Police reform: an emerging consensus


More conference news – the Lib Dems have vowed to tackle much-needed police reform.

Proposals aim at some very welcome decentralisation – scrapping central targets and providing for directly elected police authorities, which can define local priorities, set budgets and vary taxes where necessary. Whether the plans are ‘radical’ or not is subject to debate. All three of the main parties are starting to at least talk the talk of decentralization.

The moves do put the Lib Dems one step ahead of the Labour government who, for all their talk of localization, look set to retain their grip on policing – setting national standards and using the powers in the Police Reform Act 2002 to specify practice and impose solutions on local police authorities. The Conservatives seem to have the clearest sense of what a decentralized system would look like with proposals for locally elected police commissioners and the abolition of the National Plan. 

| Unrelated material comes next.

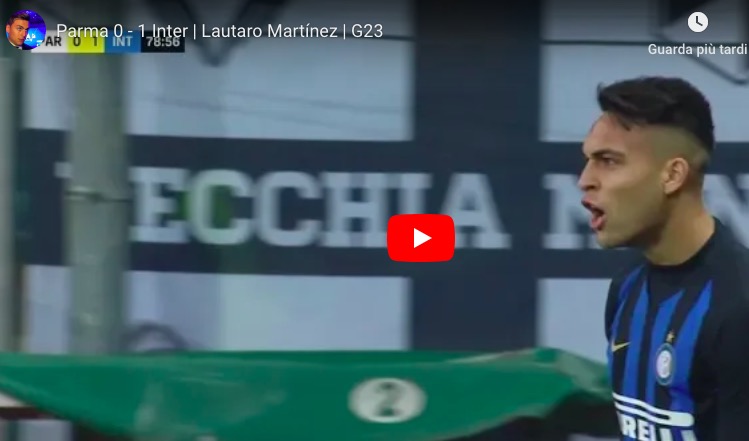Parma-Inter 0-1, Lautaro Martinez entra e scaccia la crisi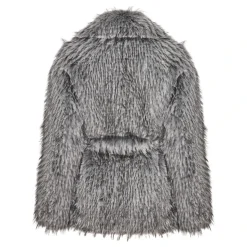 Faux Fur Mantel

Ian Johnston, head of the Police Superintendent’s Association, has been making headlines over the past few days with his admission that the quality of service provided by the police is negligible. Indeed, public confidence in the police is extremely low – not helped by the perception that crime is getting worse or the unnecessary sideshow provided by Sir Ian Blair and Tarique Ghaffur. It is heartening then to see some kind of consensus emerging over the need to modernize, decentralize and make the police force more accountable to the people that they serve.